Indian Pediatrics 2003; 40:891-894 

Limb Body Wall Complex


Sanjeev Managoli
Pushpa Chaturvedi
Krishna Y. Vilhekar
Nitin Gagane*

From the Departments of Pediatrics and Pathology *, Mahatma Gandhi Institute of Medical Sciences, Sevagram, Wardha, Maharashtra-442 102, India.

Correspondence to: Dr. Sanjeev Managoli, Lecturer, Department of Pediatrics, Kasturba Hospital, Mahatma Gandhi Institute of Medical Sciences, Sevagram, Wardha, Maharashtra-442 102, India. E-mail: [email protected]
 

Manuscript received: November 1, 2002;Initial review completed: December 30, 2002;Revision accepted: February 26, 2003.

 

Abstract:

A case of Limb body wall complex is reported in a preterm, Low birth weight and stillborn neonate. The proposita had abdominal wall defect with evisceration of the organs into an amnio-peritonial sac, a short body stalk, torsion of spine with scoliosis and limb defects. Unusual associations present in this case were absent thymus, interstitial calcification in kidney and a history of exposure to birth control pills during first two months post-conception.

Key words: Limb body wall complex

 

Limb body wall complex (LBWC) is a constellation of severe body-wall defects with evisceration of the organs caused by the failure to form a body stalk. It is characterized by absent or short umbilical cord, failure of fusion of amnion and chorion, with associated severe spinal scoliosis, and limb defects(1-2). We report here a rare case of this multiple congenital malformation complex with some unusual associations such as an association with use of oral contraceptive pills (OCP) by mother during the first 2 months post conception and presence of an accessory spleen and exstrophy of bladder. Absent thymus and interstitial calcification in kidney, seen in our proposita, to the best of our knowledge have not been described earlier.

Case Report

A 22-year-old, unbooked primigravida with severe oligohydroamnios delivered spontaneously, a 32-week stillborn weighing 1680 grams (including the placenta) at Kasturba Hospital, M.G.I.M.S., Sevagram. The proposita had complex fetoplacental malformation pattern with multiple congenital anomalies. Mother conceived while taking OCP that she continued to take in the first 2 months post conception. Mother was not able to recall the exact name of this OCP. There was no history of consanguinity or any family history of malformations.

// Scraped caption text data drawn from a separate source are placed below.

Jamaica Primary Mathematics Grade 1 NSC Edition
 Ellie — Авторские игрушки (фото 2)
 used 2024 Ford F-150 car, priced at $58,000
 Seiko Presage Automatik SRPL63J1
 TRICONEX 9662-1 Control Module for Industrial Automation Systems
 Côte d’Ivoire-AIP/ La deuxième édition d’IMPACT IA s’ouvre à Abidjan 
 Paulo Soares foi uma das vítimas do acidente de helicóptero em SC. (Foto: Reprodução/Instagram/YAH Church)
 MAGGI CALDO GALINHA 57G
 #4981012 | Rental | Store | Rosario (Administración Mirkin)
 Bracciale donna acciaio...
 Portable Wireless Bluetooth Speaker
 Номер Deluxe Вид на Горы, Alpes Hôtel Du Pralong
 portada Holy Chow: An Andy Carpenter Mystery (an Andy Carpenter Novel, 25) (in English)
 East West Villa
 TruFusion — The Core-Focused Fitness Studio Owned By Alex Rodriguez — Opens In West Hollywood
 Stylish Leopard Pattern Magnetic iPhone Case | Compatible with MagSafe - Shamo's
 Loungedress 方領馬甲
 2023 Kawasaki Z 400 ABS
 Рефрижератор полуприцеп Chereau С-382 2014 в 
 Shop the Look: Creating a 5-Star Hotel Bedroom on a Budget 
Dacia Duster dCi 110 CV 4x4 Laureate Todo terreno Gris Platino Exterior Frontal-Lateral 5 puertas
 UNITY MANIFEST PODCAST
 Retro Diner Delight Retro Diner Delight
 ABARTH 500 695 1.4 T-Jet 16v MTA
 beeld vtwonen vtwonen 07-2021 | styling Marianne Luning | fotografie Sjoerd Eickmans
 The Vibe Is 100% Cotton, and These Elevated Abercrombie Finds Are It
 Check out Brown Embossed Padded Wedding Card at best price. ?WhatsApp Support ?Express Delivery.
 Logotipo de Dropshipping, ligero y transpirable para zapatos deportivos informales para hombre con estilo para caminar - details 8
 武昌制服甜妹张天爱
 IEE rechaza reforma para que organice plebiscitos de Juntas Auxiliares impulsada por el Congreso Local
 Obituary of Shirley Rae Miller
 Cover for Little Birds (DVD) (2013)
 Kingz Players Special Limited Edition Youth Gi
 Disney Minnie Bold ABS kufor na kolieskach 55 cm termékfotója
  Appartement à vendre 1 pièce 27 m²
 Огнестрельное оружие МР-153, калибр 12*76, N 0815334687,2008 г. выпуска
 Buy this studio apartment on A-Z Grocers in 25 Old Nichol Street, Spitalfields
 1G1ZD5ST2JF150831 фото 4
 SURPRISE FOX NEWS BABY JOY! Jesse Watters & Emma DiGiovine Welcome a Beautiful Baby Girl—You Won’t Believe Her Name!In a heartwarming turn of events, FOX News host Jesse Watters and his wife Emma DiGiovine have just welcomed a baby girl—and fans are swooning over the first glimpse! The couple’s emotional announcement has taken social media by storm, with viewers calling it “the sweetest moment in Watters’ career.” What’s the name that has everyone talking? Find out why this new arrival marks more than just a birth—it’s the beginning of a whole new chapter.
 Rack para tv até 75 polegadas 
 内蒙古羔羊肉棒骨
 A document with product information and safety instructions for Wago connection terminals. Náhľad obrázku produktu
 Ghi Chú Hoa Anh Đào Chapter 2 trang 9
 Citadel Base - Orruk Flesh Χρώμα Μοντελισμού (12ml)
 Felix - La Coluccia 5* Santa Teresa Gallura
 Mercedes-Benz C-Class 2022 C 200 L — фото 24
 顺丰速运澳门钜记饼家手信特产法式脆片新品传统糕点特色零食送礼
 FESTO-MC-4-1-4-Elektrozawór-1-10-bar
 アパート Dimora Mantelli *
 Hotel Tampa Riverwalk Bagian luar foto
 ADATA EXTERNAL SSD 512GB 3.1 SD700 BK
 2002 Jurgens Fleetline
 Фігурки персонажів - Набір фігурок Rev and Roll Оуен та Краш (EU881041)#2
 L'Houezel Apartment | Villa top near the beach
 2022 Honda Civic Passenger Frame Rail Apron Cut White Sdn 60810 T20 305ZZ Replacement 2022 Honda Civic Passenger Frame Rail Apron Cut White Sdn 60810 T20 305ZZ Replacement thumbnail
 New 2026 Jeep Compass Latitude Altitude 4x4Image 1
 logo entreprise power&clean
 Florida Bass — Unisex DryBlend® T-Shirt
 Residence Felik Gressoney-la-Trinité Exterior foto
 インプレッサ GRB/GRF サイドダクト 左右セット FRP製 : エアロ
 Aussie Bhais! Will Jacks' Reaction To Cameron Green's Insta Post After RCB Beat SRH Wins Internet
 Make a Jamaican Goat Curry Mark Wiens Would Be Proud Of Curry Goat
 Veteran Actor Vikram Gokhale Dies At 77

On clinical examination (Fig. 1), the most obvious features included a huge left-sided abdominal wall defect that caused evisceration of liver, stomach and the intestines. Abdominal viscera were attached directly to the placenta and were covered by ruptured sac of amnion. A rather short and broad body stalk connected the fetus to the placenta. The umbilical vessels, one artery and a vein, were embedded in an amniotic sheet, which was connecting the skin margin of the anterior body wall defect to a circumvellate placenta. The anus was not visible and no discernable external genitalia were noted. Other abnormal features included asymmetrical face with medial epicanthal folds, low set misshapen and elongated ears, compressed nose, high arched palate and receded chin (Potter facies). Thorax was small and bell shaped with scoliosis of the spine. The lower limbs had developed unequally and were malpositioned. Right leg was more hypoplastic with clubfoot and flexion contracture at the knee joint. The left leg showed a pescavus deformity.

Fig. 1. Newborn with abdominal wall defect, evisceration of the abdominal organs and lower limb defects.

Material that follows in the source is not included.